It is open hours, technically, but one has come in for the better part of an hour, and the shop has taken on a particular hush. Callum has spent the morning copying, as he spends most mornings copying.
Today's book is one he has never seen. It exists nowhere he can put his hands on. He has been told it lives somewhere behind a locked door in the Dominion, and he has decided to see if the sight can reach through a locked door.
The shallow copper basin is set at the center of the small side table. Beside it, in the order his second mentor taught him: yarrow to the left, salt to the right, a stub of beeswax candle in front, lit. The grimoire beside the basin is a blank one, waiting. Callum’s pen is inked and he has been holding this working for the better part of an hour.

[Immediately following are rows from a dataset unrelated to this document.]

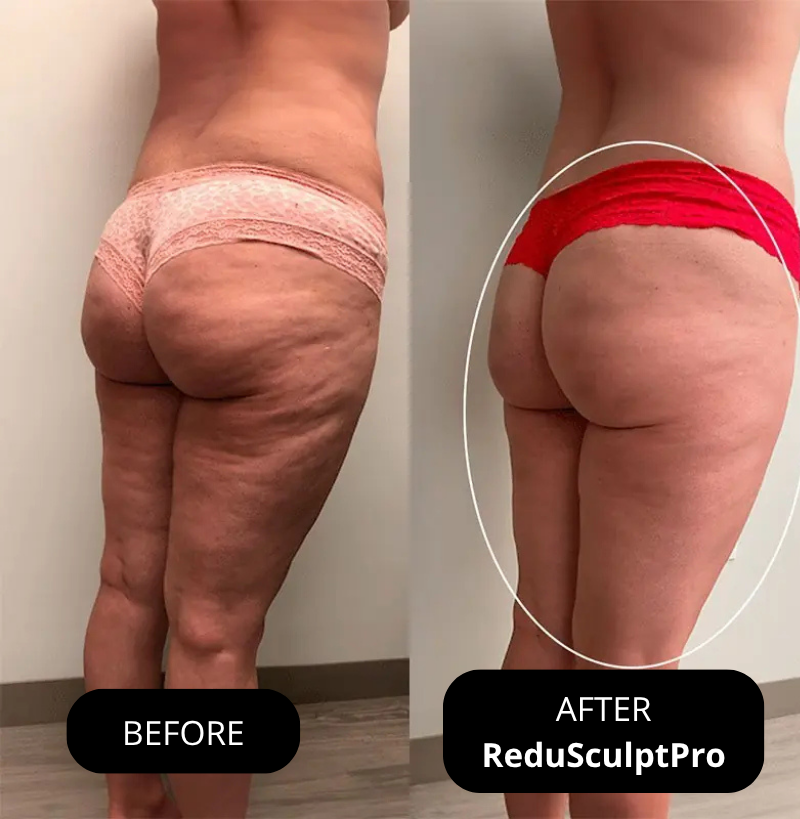 Amiuri ReduSculptPro™ Kit (FREE Retinol Serum Included)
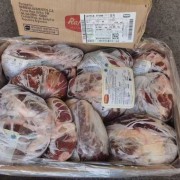 1399后腱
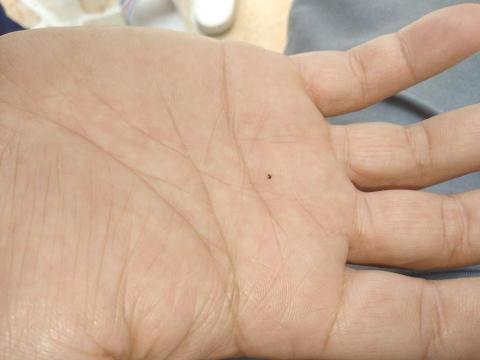 威喜實業除蟲有限公司 - 小黑蚊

The Sight is turned - not forward, not backwards, but through. Callum is looking at a page he has never seen, in a room he has never entered, in a house he has never walked past, and he is copying what he sees onto the blank page under his hand. Character by character. He does not stop to consider what he is reading. He will read it later, when the working is closed and he is permitted to be a mind again instead of a hand.
But the cost of his magic has begun to mount the way it always mounts. Behind his eyes, a hot small pressure. At the edges of his vision, the shop has begun to soften into gray. His breath is slower than he would like; his pulse is a distant polite thing checking in from another room. Callum knows, to the minute, how long he can sustain it before the cost comes due all at once like a thunderclap. He’s ignoring all of it, insistently.
The edge of a page turns beneath his hand - not the blank one, but the reference grimoire beneath it, the one he copied himself over three winters when he could not sleep - and it catches the pad of his index finger, opens it in a single fine line.
It’s a papercut. Absurdly, catastrophically ill-timed.
A single drop of blood falls, without asking, into the basin and the working shatters immediately. "Fuck," Callum says, low and heartfelt. He drops his pen. Fine - this is fine. That is the entire hour, but it is fine.
Only then does he notice the person standing in front of him. Callum lifts his eyes. The shopkeeper’s preamble slides into place by reflex. “Can I help you find anything?”
Then, because he cannot help himself, he gestures toward the basin as though it is the result of an ill-prepared recipe rather than an hour of ruined divination. “Here. Have at it if you want. If you add a drop of your blood, it’ll show you what our futures hold.”